Cluster seizures and status epilepticus in new onset seizures among adult Egyptians

Background

New onset seizure (NOS) is defined as the first seizure within a 24-h period ever experienced by the patient. Cluster seizures (CS) or status epilepticus (SE) can be the first manifestation of epilepsy or it may be a symptom of a brain tumor, a systemic disorder, an infection, or a syndrome. This study aims to determine the etiology of CS and SE in NOS among adult Egyptians. One hundred twenty adult Egyptian patients presented with NOS were enrolled in a hospital-based cross-sectional observational study within a time period of 6 months from March till September 2018. All patients were subjected to neurological examination including mini mental status examination, laboratory, neuroimaging, and electroencephalogram.

Results

Among 120 adult patients presented with NOS, males were prevalent (63%). Older adults (> 55 years) were prevalent (60%). Of the patients, 25% presented by CS, while 11% presented by SE. Post-stroke epilepsy (41%) was the predominant etiology of NOS. Cerebrovascular diseases (CVDs) were the prevalent etiology of SE in NOS (35%). NOS presented by CS were more prevalent among patients with brain tumors (29%) in comparison to CVDs (25%).

Conclusion

CS represented 25% of NOS in adult Egyptian patients. SE is prevalent among 11% of NOS. Despite CVDs being the most prevalent etiology of NOS in adult population (41%) including those presented with SE (35%), brain tumors are the most prevalent etiology of new onset CS (29%).

Seizure is defined as a transient occurrence of signs and/or symptoms due to abnormal excessive or synchronous neuronal activity in the brain [1].

Seizures are one of the important causes of morbidity and mortality in adults. Despite the many studies that are based on the seizure and epilepsy classification system, there are only a few studies on the clinical profile and causes of new onset seizures [2].

New onset seizure was defined as the first seizure (or the first cluster of seizures within a 24-h period) ever experienced by the patient [3].

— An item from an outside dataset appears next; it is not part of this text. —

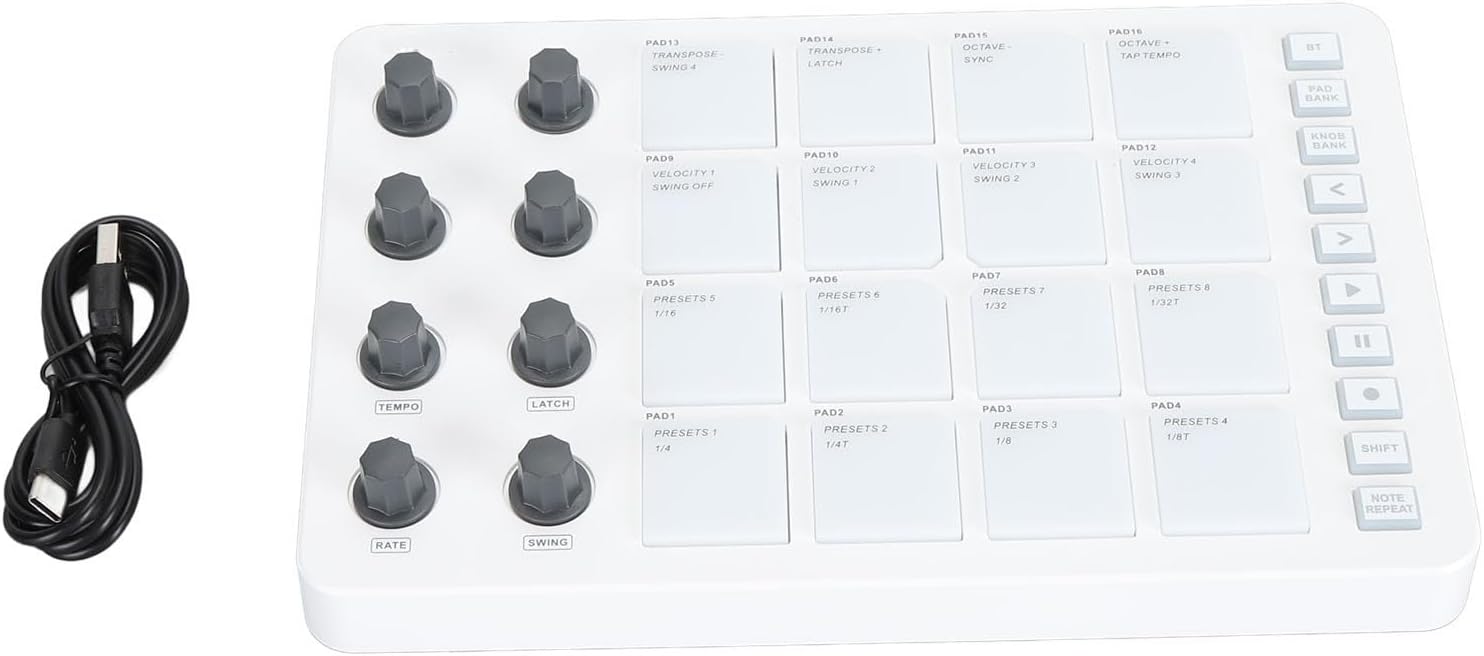 16 RGB Drum Pads, 8 Rotating Knobs, MIDI Controller, USB Beat Maker Machine for Music Production5mm MIDI Output Port, 2000mAh Lithium Battery, Cubase, Pro X, OS X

A first ever seizure can be the first manifestation of epilepsy, which is characterized by recurrent unprovoked seizures (two or more). Or it may be a symptom of a brain tumor, a systemic disorder, an infection, or a syndrome that deserves special attention and treatment [4].

Seizures are common in the general population and about 1 in 10 people will experience a seizure in their lifetime. Most of these seizures are provoked by acute events and are not related to epilepsy [5].

Epilepsy was regarded as a disease of children for many years, but as researchers gathered more data on an aging population, they found that the incidence of new onset epilepsy increased among people older than 50. They reported an incidence of 169/100,000 per year in this population, almost twice the incidence among children [6].

The incidence rate of new onset epilepsy in older adults ranges from 1 to 3 per 1000 person-years and is estimated to be two to six times higher than in younger adults [7].

Etiology of seizures can be easily made out in most of the older patients. The causes include acute brain injury (subdural hematoma and stroke) and degenerative disorders (Alzheimer’s disease and malignancy). In most of the adult cases, a cause is most often autoimmune or paraneoplastic and infections (mostly viral encephalitis, although mycoplasma is not rare). They also can occur with systemic metabolic conditions like uremia, hyperglycemia, hypoglycemia, and hyponatremia. In the remaining, no cause is identified despite an extensive work-up. These cases are referred to as cryptogenic (NOS) or new onset refractory status epilepticus (NORSE) or NOS/NORSE of unknown etiology [8].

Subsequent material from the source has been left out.